Following a successful £5.2mln (US$8mln) oversubscribed equity placing in July, AIM-listed explorer Tower Resources (LON:TRP) used some of the money to change its profile away from solely frontier wildcat exploration.
In September Tower was awarded the shallow water production sharing contract (PSC) at Thali (formerly Dissoni), offshore Cameroon.
The Thali PSC covers an area of 119.2 square kilometres, with water depths ranging from eight to 48m in the prolific Rio del Rey basin, in the eastern part of the Niger Delta.
A clearly delighted Graeme Thomson, chief executive of Tower, said it was a great deal for Tower.
“Our entry into Cameroon marks a shift in our risk profile from frontier to proven basins and introduces an asset with existing discoveries into the Tower portfolio,” he explained.
The Rio del Rey basin accounts for over 90% of Cameroon’s production with over one billion barrels of oil pumped so far.
Remaining reserves are estimated at 1.2bn barrels of oil equivalent (boe) at depths of less than 2,000 metres.
“Commitments under the PSC are for 100 square kilometres of 3D seismic over the first three years and minimum expenditure of US$13mln, after which there are two further renewal periods of two years at US$15mln apiece,” said Thomson.
Seven million barrels of oil have already been discovered on the Thali Block, but are viewed as sub-commercial discoveries.
However, Tower sees potential to add incremental oil reserves and to develop deeper prospects.
Moreover, Tower said the existence of infrastructure in adjacent blocks meant a 20mln barrel oil field had the potential to be economically viable at current oil prices by which he meant between US$50 to US$60 a barrel.
“The in-place infrastructure in the region means that development of any discoveries should be easier than it would be in a frontier environment,” added Thomson.
But in the excitement about Cameroon, Tower also made the point that it has not abandoned its frontier activities altogether; although it has relinquished its interest in a licence in Kenya.
Tower has been active in Namibia for some time. In 2014 the company was involved in the unsuccessful Welwitschia-1 well.
Many oil folk feel the southern African country has been a graveyard for AIM-quoted explorers.
However, Thomson believes the country is underexplored, remains highly prospective and industry interest in the area continues to be high.
The company now intends to extend its acreage position in Namibia and is planning to take over the operatorship of Block PEL10, offshore where the Welwitscha well was drilled.
In Zambia, additional field work will be carried out on Blocks 40 and 41, ahead of airborne gravity/magnetic surveys and potential 2D seismic.
In South Africa, in September, approval was received to enter into the two-year first renewal period on the offshore Algoa-Gamtoos licence (Tower holds 50%).

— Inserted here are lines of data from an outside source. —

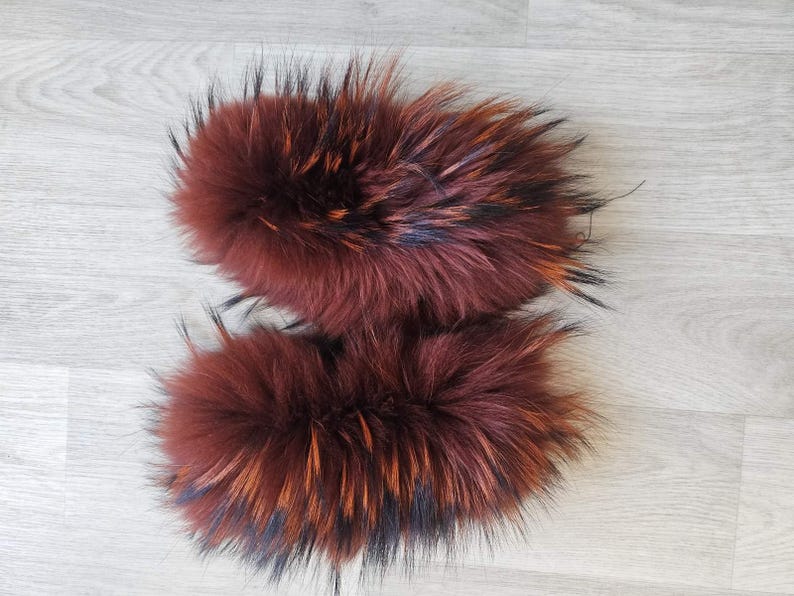 May include: Two fluffy, reddish-brown fur pieces with black and orange highlights. The fur appears soft and dense, likely from an animal. The pieces are arranged side-by-side on a light gray wooden surface.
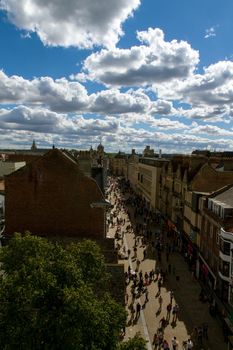 Wide-shot of an old twon street, Cornmarket Street at Oxford, full of people walking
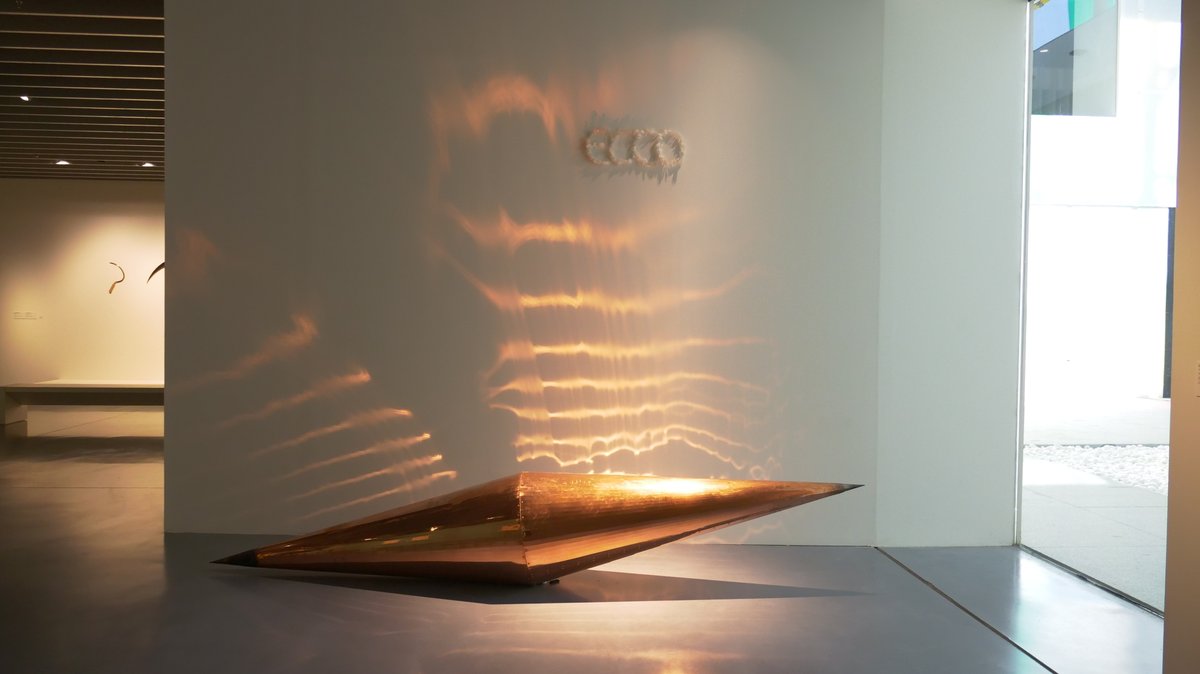 Ven a conocer 'Place-ness'. 😍
Hoy destacamos 'Echo-Ecco' (1984) de François Bouillon. El elemento cónico de cobre (Echo) se presenta iluminado de manera que el reflejo generado apunta hacia la palabra Ecco, mientras que una línea de carboncillo marca la sombra en el suelo.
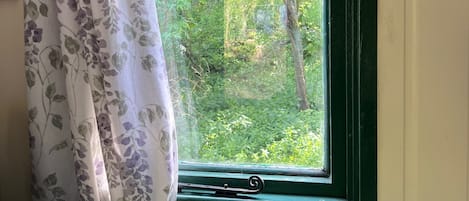 Ein Schlafzimmer mit Fenster, Bett und Vorhang.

As of the end of July Tower had US$9.8mln in the bank.
Commenting on the explorer following the equity raise broker Peel Hunt said: “Tower’s recent £5.2 mln (US$8mln) paves the way for the company to make material progress across its asset base.
“It is now funded for entry costs and early stage work on the Thali PSC as well as the initial stages of a new Namibia strategy and work commitments across of the rest of the portfolio.”
Peel Hunt continued: “The placing also saw M&G take on an 18% strategic stake in the company, indicative of strong support for the management’s strategy.”
In terms of valuation Peel Hunt says it has incorporated the impact of the placing on Tower’s balance sheet. It says the net impact means the broker can arrive at an estimate of a full net asset value (NAV) of 0.49 pence.
The broker reinstated its ‘buy’ recommendation and set its target price at 0.33 pence, “to reflect the timing and outcome of exploration drilling”. The price last night was 0.144 pence.